Scraped caption text data:
◇ ◇ ◇

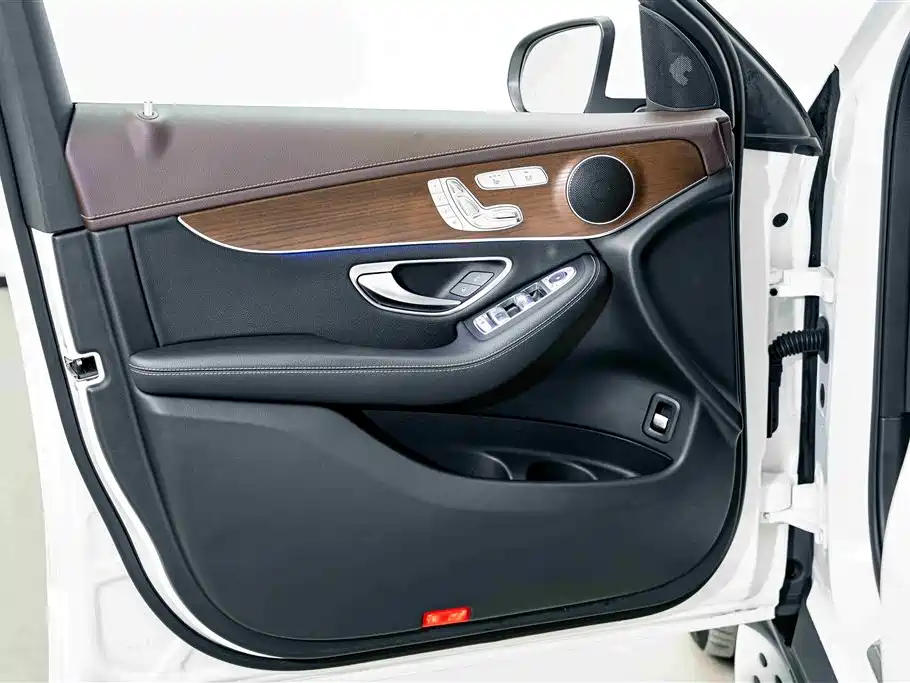 Mercedes-Benz GLC 2022 Facelift GLC 300 L 4MATIC Dynamic Collector's Edition фото 16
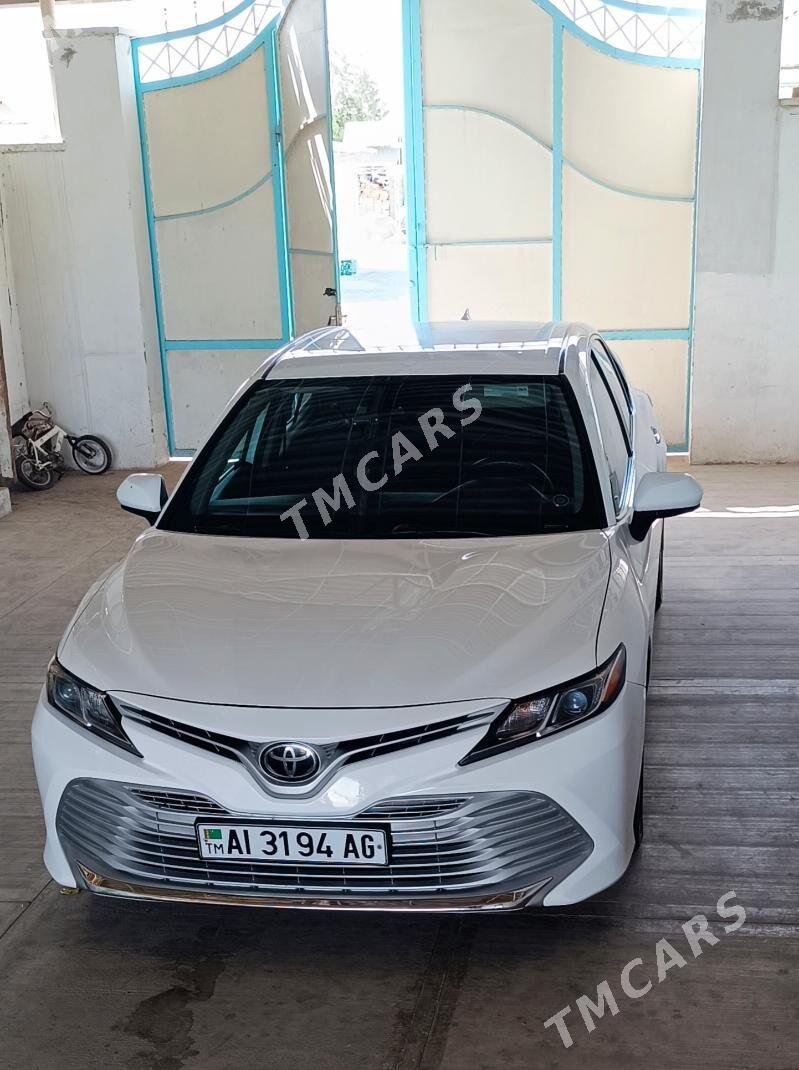 Toyota Camry 2019 - 320 000 TMT - Aşgabat - img 4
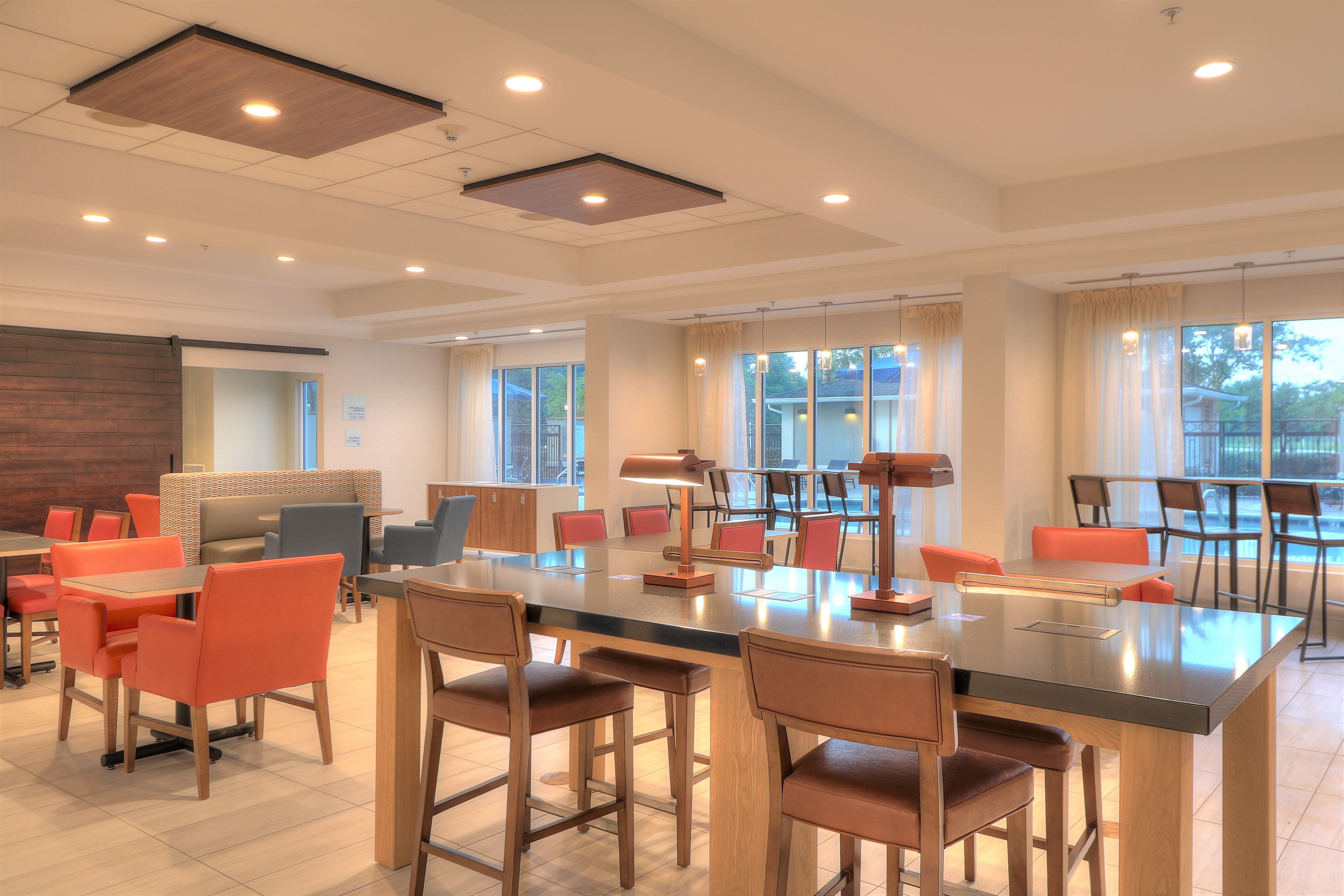 Holiday Inn Express Hotel & Suites Mobile Saraland By Ihg Exteriör bild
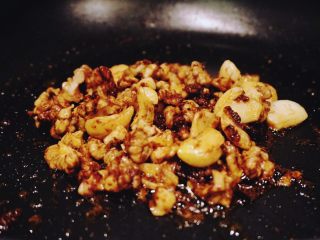 12、蒜个虾球,吱吱吱，蒜香、核桃香和酱香都出来了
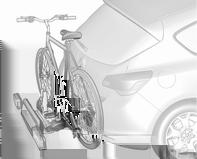 68 Eşya saklama ve bagaj bölümleri Arkadaki taşıyıcı sistem (Flex-Fix System) İki bisiklet için arkadaki taşıyıcı sistem (Flex-Fix System) Bir bisikletin aks açıklığı 1,2 metre mesafeyi aşmamalıdır.
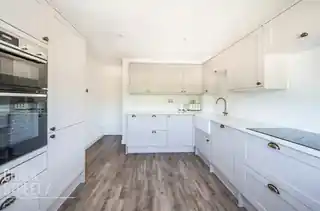121 Elmhurst Drive, photo 3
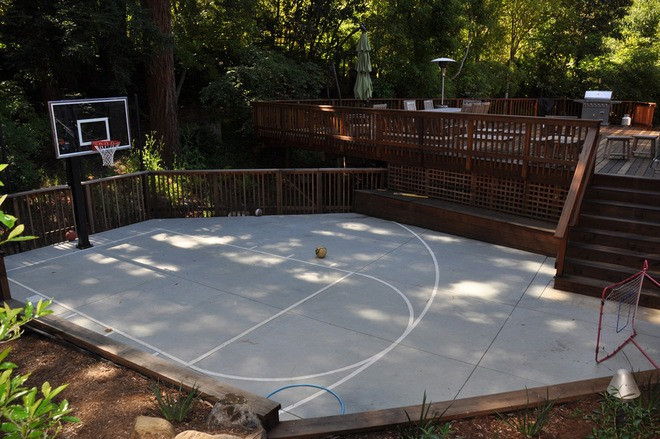 Small Backyard Basketball Court
 20 of the Most Amazing Home Basketball Courts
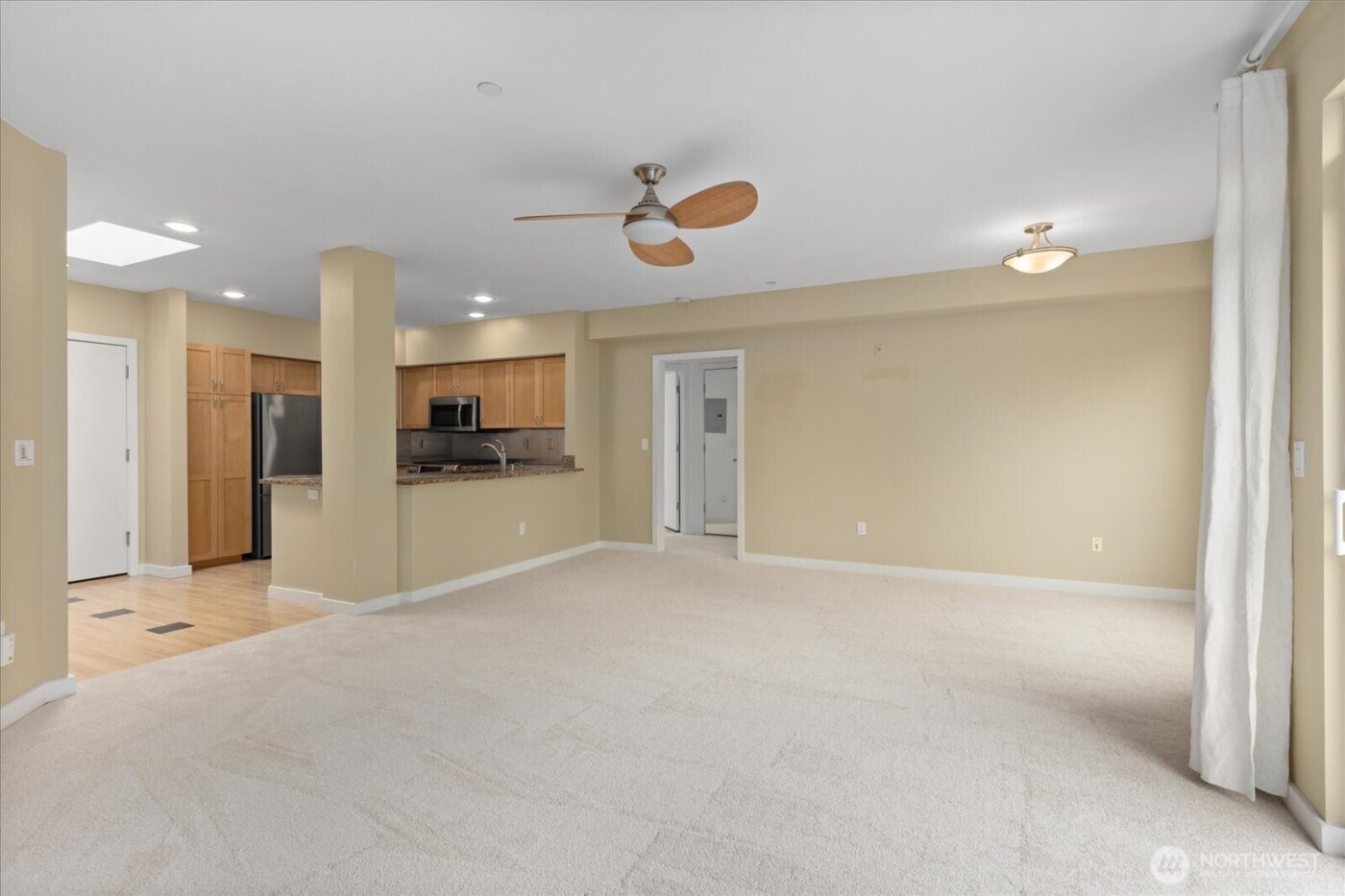 925 110th Avenue NE #PH05, Bellevue, WA 98004
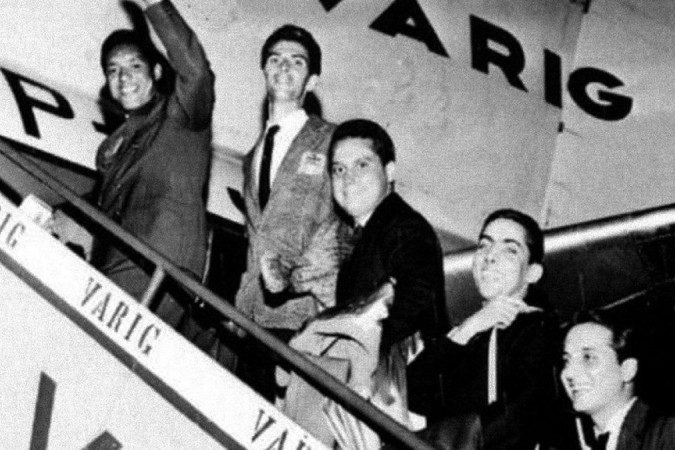 Ao todo, o concerto contou com 18 artistas. Alguns deles eram, por assim dizer, obrigatórios em um show de bossa nova — casos de Tom, João, Carlos Lyra, Menescal e Luiz Bonfá.
crédito: ACERVO ROBERTO MENESCAL
- Ao todo, o concerto contou com 18 artistas. Alguns deles eram, por assim dizer, obrigatórios em um show de bossa nova — casos de Tom, João, Carlos Lyra, Menescal e Luiz Bonfá.
crédito: ACERVO ROBERTO MENESCAL
-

◇ ◇ ◇

Give back only the lines from the one that carries "925 110th Avenue" through the final line above, both included. Drop all pictures.

 925 110th Avenue NE #PH05, Bellevue, WA 98004
 Ao todo, o concerto contou com 18 artistas. Alguns deles eram, por assim dizer, obrigatórios em um show de bossa nova — casos de Tom, João, Carlos Lyra, Menescal e Luiz Bonfá.
crédito: ACERVO ROBERTO MENESCAL
- Ao todo, o concerto contou com 18 artistas. Alguns deles eram, por assim dizer, obrigatórios em um show de bossa nova — casos de Tom, João, Carlos Lyra, Menescal e Luiz Bonfá.
crédito: ACERVO ROBERTO MENESCAL
-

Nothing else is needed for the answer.